Xxxxx Xxxxxxx will notify the Company as to which Participants will
need to be so restricted. The Company will direct the transfer agent to
place stop transfer restrictions upon such securities for such period
of time.
(xv) To comply with all applicable securities and other
applicable laws, rules and regulations in each foreign jurisdiction in
which the Directed Shares are offered in connection with the Directed
Share Program.
5. Conditions of Underwriters' Obligations.
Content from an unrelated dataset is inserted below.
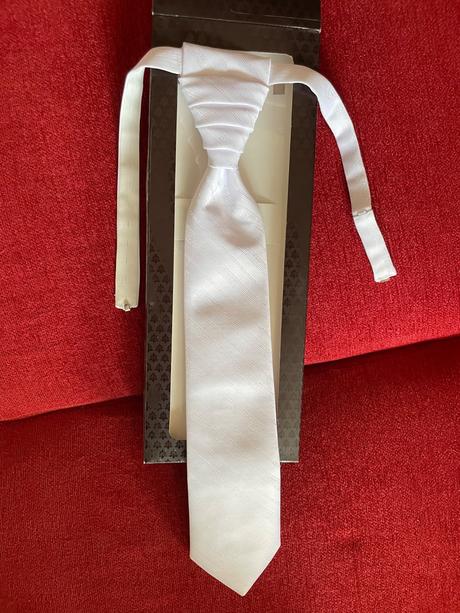 Svadobná kravata, 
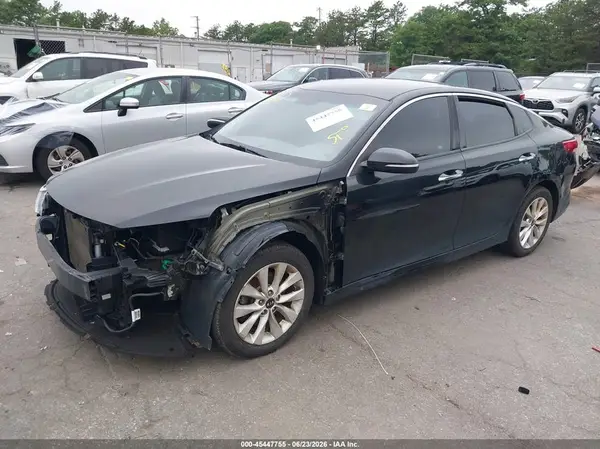 5XXGU4L3XGG064572 2016 KIA OPTIMA - Image 2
The obligations of the
several Underwriters hereunder are subject to the accuracy, as of the date
hereof and at each of the First Closing Date and the Second Closing Date (as if
made at such Closing Date), of and compliance with all representations,
warranties and agreements of the Company and Antigenics L.L.C. contained herein,
to the performance by the Company and Antigenics L.L.C. of their respective
obligations hereunder and to the following additional conditions:
(a) The Registration Statement shall have become effective not
later than 5:00 p.m., Central time (and any registration statement pursuant to
Rule 462(b) shall have become effective not later than 10 p.m., Central time),
on the date of this Agreement, or such later time and date as you, as
Representatives of the several Underwriters, shall approve and all filings
required by Rules 424, 430A and 434 of the Rules and Regulations shall have been
timely made; no stop order suspending the effectiveness of the Registration
Statement or any amendment thereof shall have been issued; no proceedings for
the issuance of such an order shall have been initiated or threatened; and any
request of the Commission for additional information (to be included in the
Registration Statement or the Prospectus or otherwise) shall have been complied
with to your satisfaction.
(b) No Underwriter shall have advised the Company that the
Registration Statement or the Prospectus, or any amendment thereof or supplement
thereto (including any term sheet within the meaning of Rule 434 of the Rules
and Regulations), contains an untrue statement of fact which, in your reasonable
opinion, is material, or omits to state a fact which, in your reasonable
opinion, is material and is required to be stated therein or necessary to make
the statements therein not misleading.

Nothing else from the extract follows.